Dishabituation (or dehabituation) is a form of recovered or restored behavioral response wherein the reaction towards a known stimulus is enhanced, as opposed to habituation. Initially, it was proposed as an explanation to increased response for a habituated behavior by introducing an external stimulus; however, upon further analysis, the focus was conclusively established that a proper analysis of dishabituation should be taken into consideration only when the response is increased by implying the original stimulus.

Based on studies conducted over habituation’s dual-process theory which attributed towards dishabituation, it is also determined that the latter was independent of any behavioral sensitization.

An example of dishabituation is the response of a receptionist in a scenario where a delivery truck arrives at 9:00AM every morning. The first few times it arrives it is noticed by the receptionist, and after weeks, the receptionist does not respond as strongly. One day the truck does not arrive, and the receptionist notices its absence. When it arrives the next day, the receptionist’s response is stronger when it arrives as expected.

 

History

The phenomenon was studied by an early scientist Samuel Jackson Holmes in 1912, while he was studying the animal behavior in sea urchins. Later in 1933, George Humphrey—while studying the same effects in human babies and extensively over lower vertebrates—argued that dishabituation is in fact the removal of habituation altogether, to a behavior that was not conditioned to begin with.

 

Mechanism

In humans

According to the dual-process theory of habituation, dishabituation is characterized by an increase in responding to a habituated stimulus after introducing a deviant, to sensitize a change in arousal.
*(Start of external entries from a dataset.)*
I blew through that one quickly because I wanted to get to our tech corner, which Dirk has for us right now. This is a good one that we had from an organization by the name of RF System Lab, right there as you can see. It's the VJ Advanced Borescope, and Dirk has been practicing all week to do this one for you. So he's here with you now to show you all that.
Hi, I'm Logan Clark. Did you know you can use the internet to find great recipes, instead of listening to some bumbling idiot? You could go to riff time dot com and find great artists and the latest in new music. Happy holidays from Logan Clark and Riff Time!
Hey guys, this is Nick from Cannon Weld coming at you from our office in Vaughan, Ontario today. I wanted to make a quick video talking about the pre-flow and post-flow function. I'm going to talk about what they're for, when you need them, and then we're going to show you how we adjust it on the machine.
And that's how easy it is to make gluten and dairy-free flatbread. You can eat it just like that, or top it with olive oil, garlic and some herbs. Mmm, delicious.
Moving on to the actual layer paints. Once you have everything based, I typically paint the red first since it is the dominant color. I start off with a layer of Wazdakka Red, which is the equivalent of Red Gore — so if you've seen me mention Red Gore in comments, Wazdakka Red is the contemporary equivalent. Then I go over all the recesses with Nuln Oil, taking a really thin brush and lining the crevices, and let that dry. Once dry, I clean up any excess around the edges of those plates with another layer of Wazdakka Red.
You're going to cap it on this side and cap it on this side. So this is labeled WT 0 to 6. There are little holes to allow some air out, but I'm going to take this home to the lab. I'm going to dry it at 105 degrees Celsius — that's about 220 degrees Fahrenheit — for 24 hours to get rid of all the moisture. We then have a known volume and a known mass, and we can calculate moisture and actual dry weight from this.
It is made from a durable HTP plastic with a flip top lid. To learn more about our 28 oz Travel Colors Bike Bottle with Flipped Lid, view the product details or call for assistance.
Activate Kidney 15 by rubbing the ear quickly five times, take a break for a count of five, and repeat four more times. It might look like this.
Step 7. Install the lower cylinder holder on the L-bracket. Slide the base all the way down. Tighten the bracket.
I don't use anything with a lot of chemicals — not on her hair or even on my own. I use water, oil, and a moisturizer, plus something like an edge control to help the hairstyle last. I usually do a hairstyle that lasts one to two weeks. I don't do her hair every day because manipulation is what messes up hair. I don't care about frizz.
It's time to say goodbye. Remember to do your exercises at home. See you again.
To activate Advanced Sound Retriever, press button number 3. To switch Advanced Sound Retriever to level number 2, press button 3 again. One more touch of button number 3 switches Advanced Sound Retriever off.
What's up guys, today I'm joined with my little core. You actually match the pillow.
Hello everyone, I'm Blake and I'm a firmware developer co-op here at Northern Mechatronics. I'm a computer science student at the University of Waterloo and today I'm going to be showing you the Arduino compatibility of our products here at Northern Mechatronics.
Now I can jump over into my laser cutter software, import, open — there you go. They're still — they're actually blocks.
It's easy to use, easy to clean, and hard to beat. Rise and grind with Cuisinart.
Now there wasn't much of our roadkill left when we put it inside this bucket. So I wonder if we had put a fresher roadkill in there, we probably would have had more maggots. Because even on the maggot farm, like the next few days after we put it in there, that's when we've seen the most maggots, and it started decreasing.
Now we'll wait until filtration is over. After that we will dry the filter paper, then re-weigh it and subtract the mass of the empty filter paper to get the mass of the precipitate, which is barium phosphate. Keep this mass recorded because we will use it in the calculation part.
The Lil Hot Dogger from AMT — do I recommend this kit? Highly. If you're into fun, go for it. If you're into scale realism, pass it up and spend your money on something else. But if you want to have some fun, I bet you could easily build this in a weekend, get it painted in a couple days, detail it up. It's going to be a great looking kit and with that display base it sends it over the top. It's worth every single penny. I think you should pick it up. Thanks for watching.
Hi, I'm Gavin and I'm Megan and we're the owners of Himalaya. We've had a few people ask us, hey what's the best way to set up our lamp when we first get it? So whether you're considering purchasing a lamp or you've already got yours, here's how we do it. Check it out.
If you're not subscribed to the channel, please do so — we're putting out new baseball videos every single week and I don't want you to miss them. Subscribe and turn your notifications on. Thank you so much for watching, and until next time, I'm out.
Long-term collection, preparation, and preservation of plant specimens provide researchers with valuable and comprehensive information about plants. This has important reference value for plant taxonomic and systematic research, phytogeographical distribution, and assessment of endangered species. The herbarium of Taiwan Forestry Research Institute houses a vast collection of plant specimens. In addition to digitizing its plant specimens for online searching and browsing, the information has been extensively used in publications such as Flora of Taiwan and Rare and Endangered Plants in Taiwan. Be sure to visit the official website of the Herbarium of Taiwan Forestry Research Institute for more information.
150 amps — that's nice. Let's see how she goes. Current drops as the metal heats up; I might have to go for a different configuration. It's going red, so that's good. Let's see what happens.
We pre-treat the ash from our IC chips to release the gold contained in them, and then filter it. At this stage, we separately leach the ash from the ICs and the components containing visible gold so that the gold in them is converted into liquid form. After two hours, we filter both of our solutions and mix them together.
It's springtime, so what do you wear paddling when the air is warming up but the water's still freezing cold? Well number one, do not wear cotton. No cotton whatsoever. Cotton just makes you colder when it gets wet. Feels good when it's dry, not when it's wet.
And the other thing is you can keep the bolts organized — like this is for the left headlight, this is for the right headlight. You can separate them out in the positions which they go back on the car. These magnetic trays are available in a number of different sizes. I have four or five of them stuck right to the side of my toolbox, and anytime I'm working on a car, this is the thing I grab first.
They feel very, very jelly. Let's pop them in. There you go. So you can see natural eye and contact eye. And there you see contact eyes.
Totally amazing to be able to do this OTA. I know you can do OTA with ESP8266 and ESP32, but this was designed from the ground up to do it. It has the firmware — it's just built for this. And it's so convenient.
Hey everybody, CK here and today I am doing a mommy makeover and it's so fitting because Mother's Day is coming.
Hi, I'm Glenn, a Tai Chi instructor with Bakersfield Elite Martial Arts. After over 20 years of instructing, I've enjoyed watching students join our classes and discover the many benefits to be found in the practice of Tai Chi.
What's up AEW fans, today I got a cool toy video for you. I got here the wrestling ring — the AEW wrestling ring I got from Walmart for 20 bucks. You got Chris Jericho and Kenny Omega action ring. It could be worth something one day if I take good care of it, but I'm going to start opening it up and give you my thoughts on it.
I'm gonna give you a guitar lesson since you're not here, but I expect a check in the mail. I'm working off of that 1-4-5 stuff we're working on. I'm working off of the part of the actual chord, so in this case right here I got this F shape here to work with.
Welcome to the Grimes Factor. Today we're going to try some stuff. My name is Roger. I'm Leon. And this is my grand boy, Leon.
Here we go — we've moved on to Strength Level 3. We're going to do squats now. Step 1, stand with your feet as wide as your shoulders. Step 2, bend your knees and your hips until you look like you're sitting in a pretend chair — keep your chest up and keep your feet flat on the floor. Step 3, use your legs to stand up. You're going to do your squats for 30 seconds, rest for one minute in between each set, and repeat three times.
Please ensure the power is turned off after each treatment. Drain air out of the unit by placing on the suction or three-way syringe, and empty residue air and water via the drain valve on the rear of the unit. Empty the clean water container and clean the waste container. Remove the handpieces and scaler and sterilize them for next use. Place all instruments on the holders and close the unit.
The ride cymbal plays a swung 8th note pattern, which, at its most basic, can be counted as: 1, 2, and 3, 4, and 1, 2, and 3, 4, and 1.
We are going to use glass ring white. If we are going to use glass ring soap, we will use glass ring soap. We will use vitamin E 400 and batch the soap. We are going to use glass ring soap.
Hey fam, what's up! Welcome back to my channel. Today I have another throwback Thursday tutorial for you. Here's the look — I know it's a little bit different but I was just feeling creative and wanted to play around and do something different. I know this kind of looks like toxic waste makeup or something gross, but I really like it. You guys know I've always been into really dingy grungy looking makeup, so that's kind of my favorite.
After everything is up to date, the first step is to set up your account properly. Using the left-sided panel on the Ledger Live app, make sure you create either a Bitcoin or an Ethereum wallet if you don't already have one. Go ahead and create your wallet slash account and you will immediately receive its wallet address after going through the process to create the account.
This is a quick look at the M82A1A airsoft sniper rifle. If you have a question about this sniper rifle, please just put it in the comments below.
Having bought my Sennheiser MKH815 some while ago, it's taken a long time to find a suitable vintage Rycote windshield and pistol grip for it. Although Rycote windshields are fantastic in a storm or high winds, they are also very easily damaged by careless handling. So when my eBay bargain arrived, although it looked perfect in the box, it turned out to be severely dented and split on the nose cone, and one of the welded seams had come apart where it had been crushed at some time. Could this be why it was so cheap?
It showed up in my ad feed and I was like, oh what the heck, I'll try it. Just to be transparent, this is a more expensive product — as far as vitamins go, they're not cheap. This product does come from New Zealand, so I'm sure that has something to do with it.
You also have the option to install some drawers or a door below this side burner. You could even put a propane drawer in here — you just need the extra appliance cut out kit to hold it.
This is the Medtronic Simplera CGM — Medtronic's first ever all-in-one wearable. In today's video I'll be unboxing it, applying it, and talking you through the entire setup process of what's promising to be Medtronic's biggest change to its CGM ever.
Further investigations into elicitation and habituation of the electrodermal orienting reflex also showed that dishabituation is independent of sensitization for indifferent stimuli.

A meta-analysis shows that dishabituation is improvised on preterm infants as compared to term infants based on the magnitude of stimulus sensitized.

 

Biological basis

As per the Center for Neural Engineering, University of Southern California (Los Angeles), the primordial hippocampus plays an important role in modeling the dishabituation of behavioral response. According to this, the interaction of two processes is dynamically postulated based on synaptic plasticity, which acquires both long and short-term forgetting. Along with that, cumulative shrinking is proposed to map responses from the temporal region of the anterior thalamus that references the spatial positions. The plasticity model combined with the structure of medial pallium model provides a structured network of neural mechanisms, contributing towards dishabituation and habituation alike.

Accordingly, this phenomenon is neither indicative to counteract the emphasis of an existing habituation but instead, organizes an independent neuronal process, nor resulted by facilitation, as the etymology may indicate.

 

In animals

  • Studies done on the Aplysia to establish dishabituation or superimposed sensitization, to understand their neuronal mechanisms of their gill-withdrawal reflex, and dishabituation processes to establish large-scale methodology to solve major limitation problem.
  • The Tritonia diomedea for its escape swim (the number of cycles per swim) and the Drosophila melanogaster
  • Auditory stimulation to understand the escape behavior in hermit crabs
  • Exercise as a dishabituating stimulus on hypoglycemic rodents

All the above establish the process of dishabituation, where responding to a repetitive stimulus increases and has been documented in a wide range of organisms – from single-celled animals to primates – which is thought to allow an organism to reflexively either filter out or consider, all forms of information.

It is also characterized as an emancipation of an existing prey-catching behavior. Sometimes however, the inconsistency in dishabituation of behavioral response is brought-on by mismatch between the 1st and 2nd stimuli, which in-turn is due to the occurrence of inhibition by habituation, to the existing stimulus.

 

Application

Dishabituation shows an increase in reward effectiveness as it produces a heightened behavioral response to sensitization of arousal. Other studies also show that it is caused by mind-wandering, where with distributed working process as opposed to practising in mass, the learning behavior is enhanced.

In the development of preterm infants, the dishabituation process also provides with an approach for the early diagnosis of cognitive status and most importantly, their mental faculties performances.